▶ Description of the task: Omit the pictures and retype only the lines from the one containing "LYSOL® Brand Disinfectant" through the end of the listing, both ends included.

▶ Dataset records:

▬▬▬

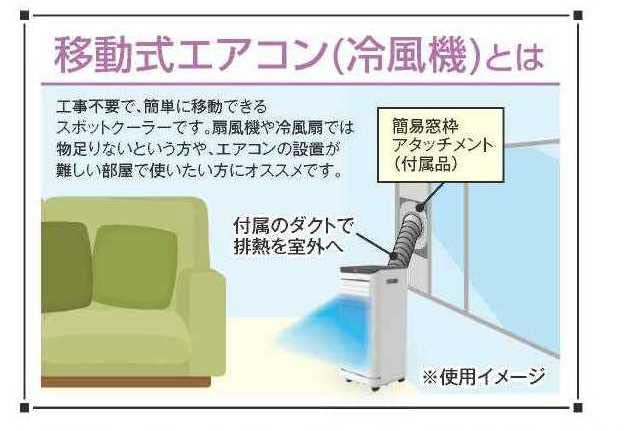 エスケイジャパン 移動式エアコン 冷風機 衣類乾燥除湿機 スポットクーラー 冷風 除湿 送風 工事不要 ノンドレン式 簡易窓枠付属 排気ダクト付属 リモコン付属 (2.6kW) SKJ-KY26A2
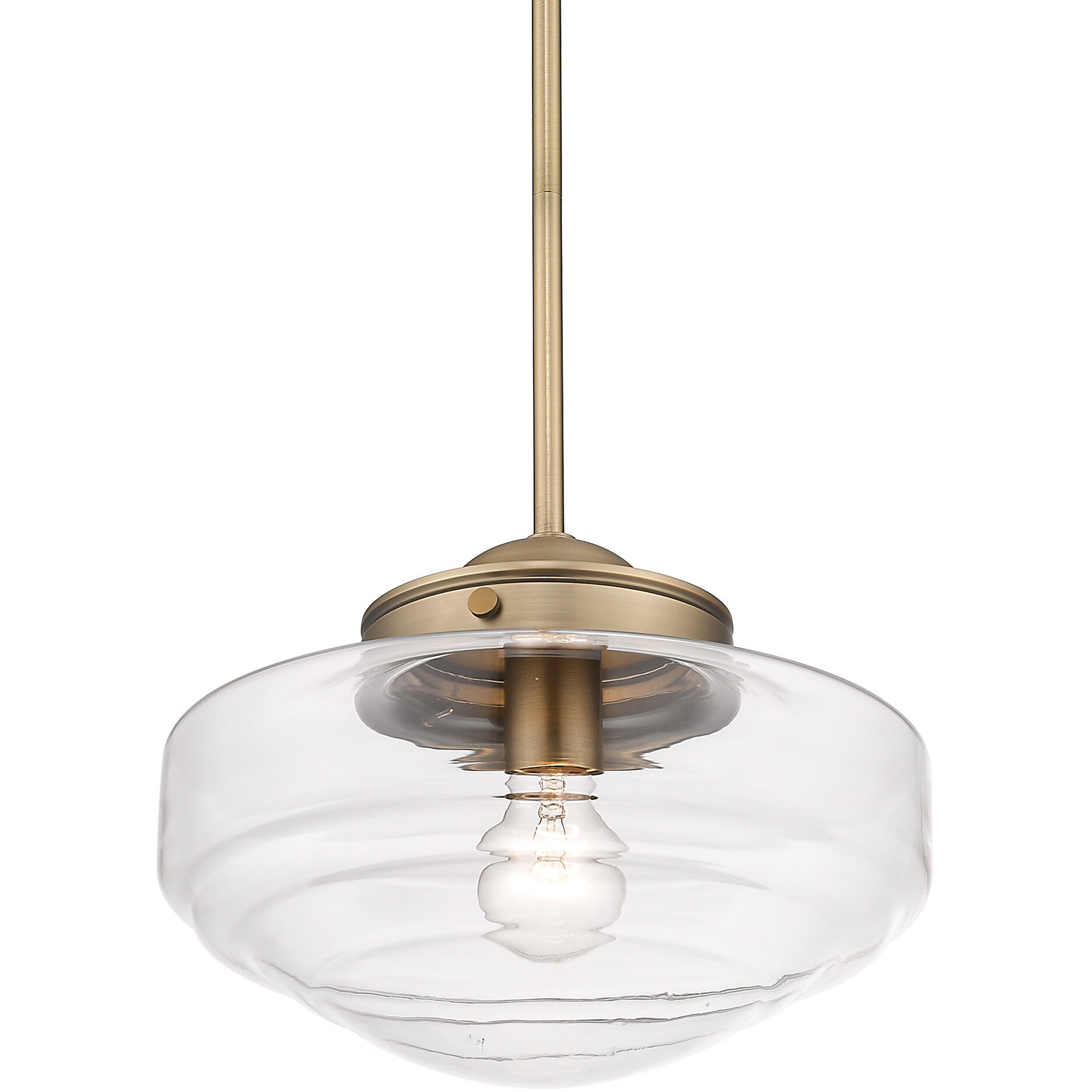 Ingalls 1 Light 12 inch Modern Brass Pendant Ceiling Light in Clear Glass, Medium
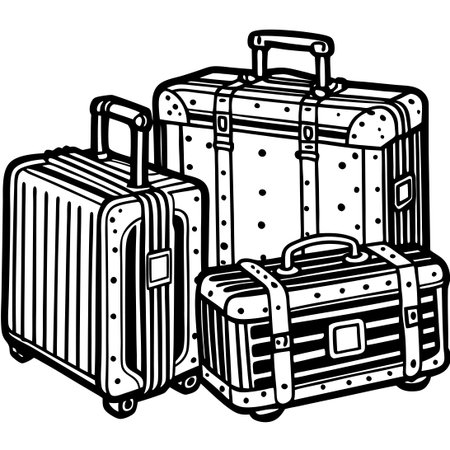 Doodle-Style Illustration of a Collection of Colorful Suitcasesのイラスト素材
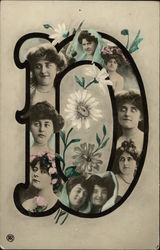 Letter D with Faces of Women and Flowers Postcard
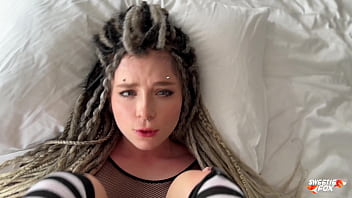 A stunning unstructured girl with dreadlocks and piercings engages in intense oral sex, rough encounters, and swallowing semen while showcasing her slim, beautiful, and perfect ass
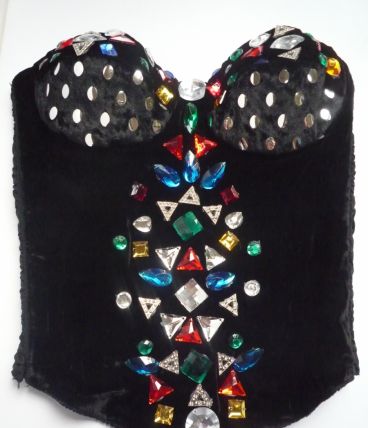 Bustier velours strass colorés.T small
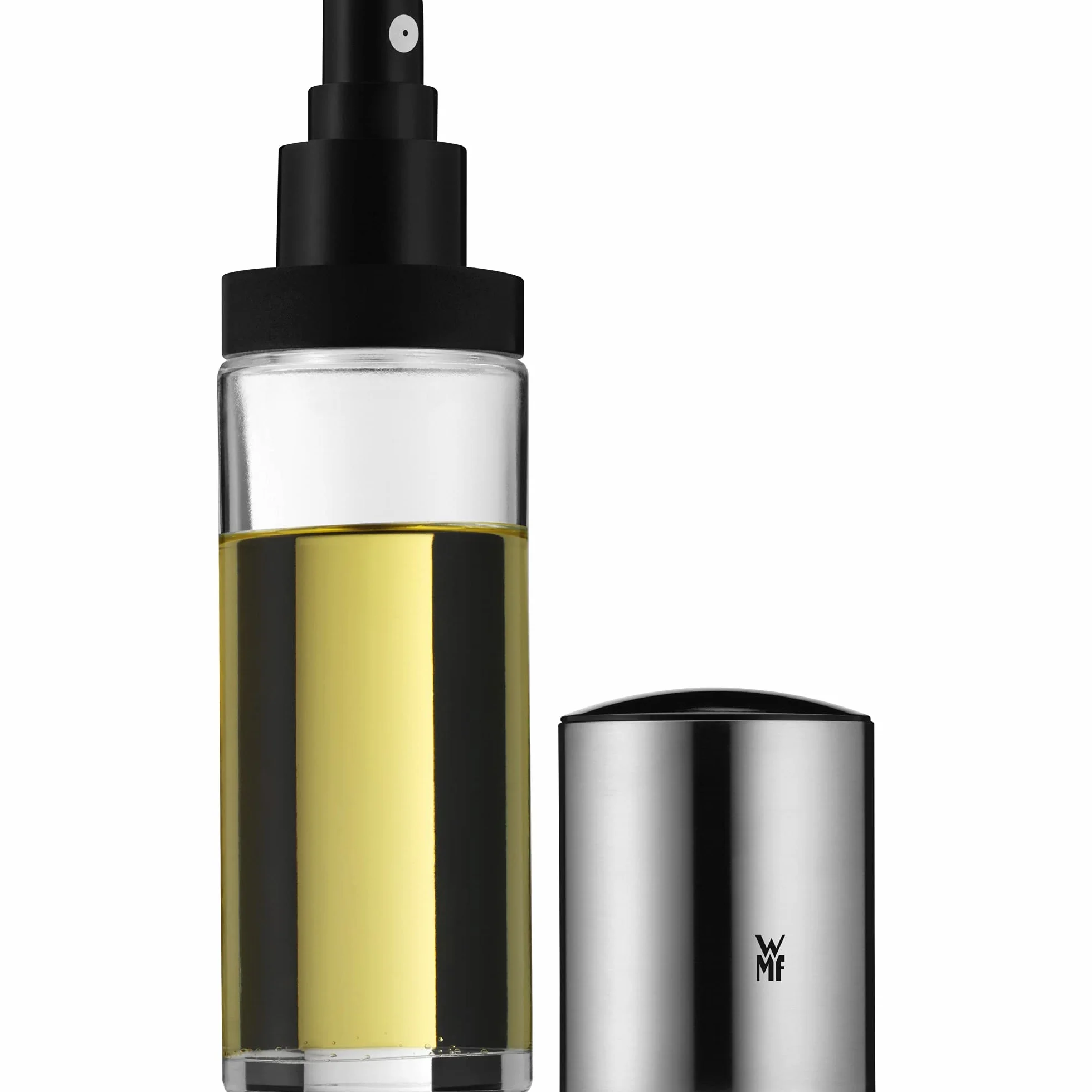 WMF Basic - Pulverizador de aceite y vinagre (125 ml, botella de espray de aceite con recipiente de cristal, acero inoxidable Cromargan mate, apto para lavavajillas)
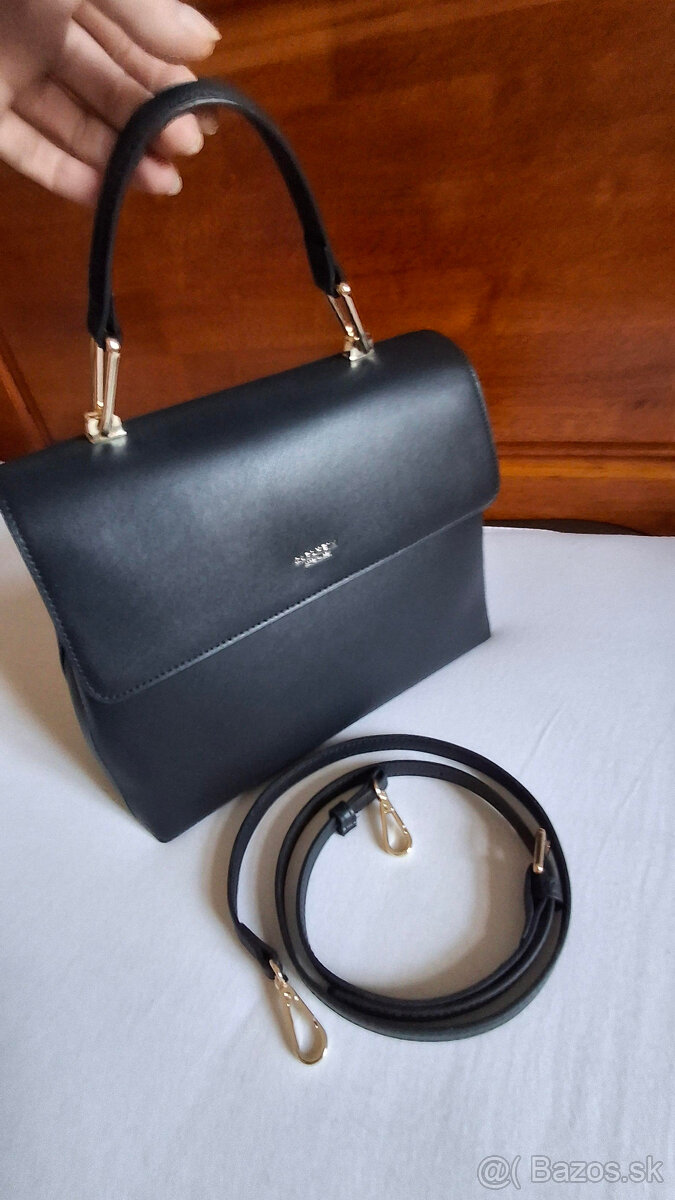 čierna kožená kabelka carlheim - nová - 5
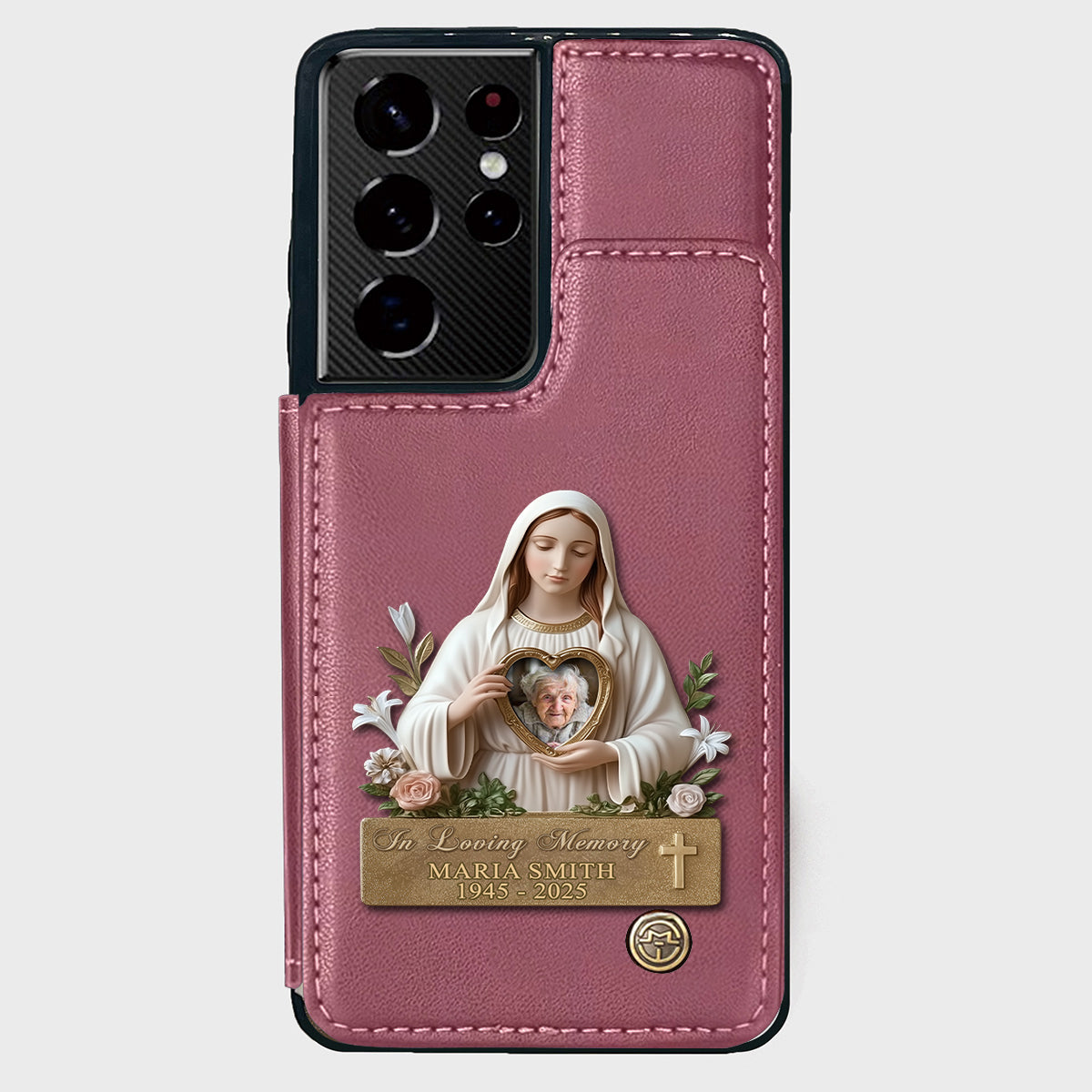 Virgin Mary Memorial - Personalized Memorial Wallet Phone Case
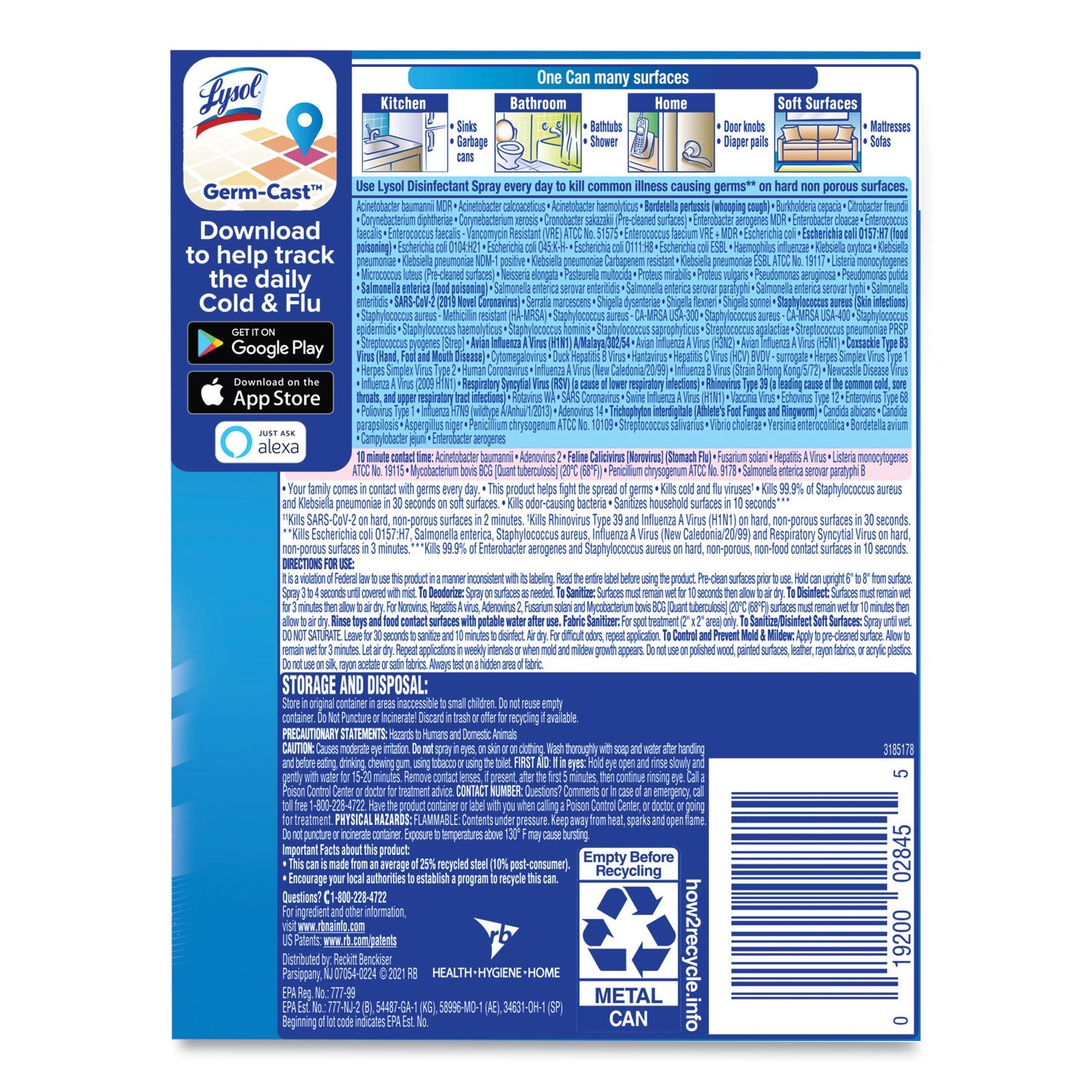 LYSOL® Brand Disinfectant Spray, Spring Waterfall Scent, 12.5 Oz Aerosol Spray - Bloom Skins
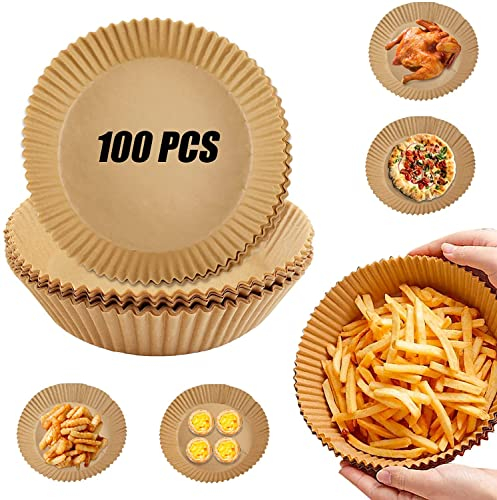 Air Fryer Liners, 6.3 inches 100PCS Air Fryer Disposable Paper Liner Non-Stick, Oil-Proof, Water-Proof. Food Grade Baking Paper for Roasting Microwave (Style 5)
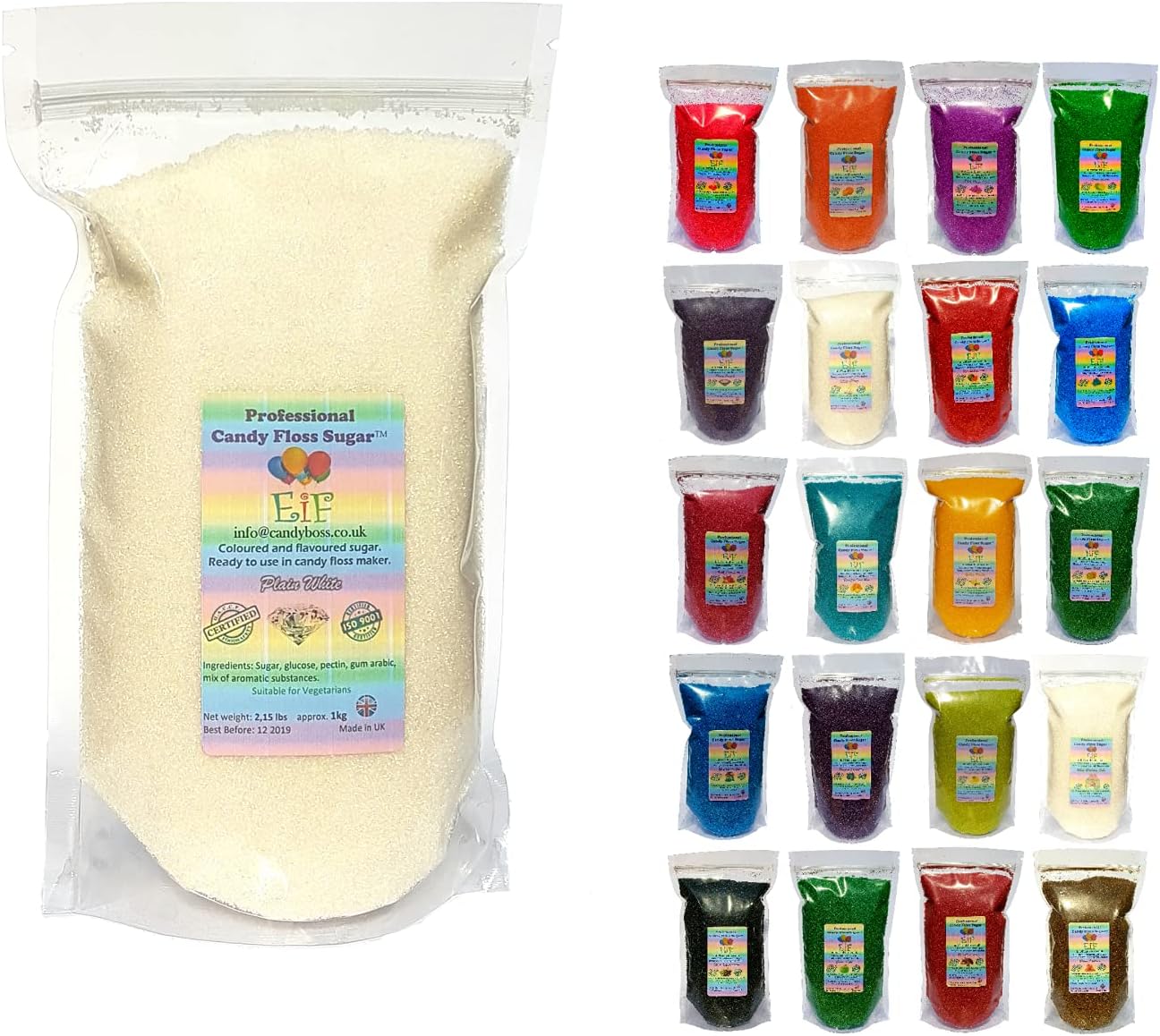 Candy Floss Cotton Sugar EverydayisFriday White ORIGINAL1 KG - Ready to Use in Your Machine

▬▬▬

▶ The completed task:
 LYSOL® Brand Disinfectant Spray, Spring Waterfall Scent, 12.5 Oz Aerosol Spray - Bloom Skins
 Air Fryer Liners, 6.3 inches 100PCS Air Fryer Disposable Paper Liner Non-Stick, Oil-Proof, Water-Proof. Food Grade Baking Paper for Roasting Microwave (Style 5)
 Candy Floss Cotton Sugar EverydayisFriday White ORIGINAL1 KG - Ready to Use in Your Machine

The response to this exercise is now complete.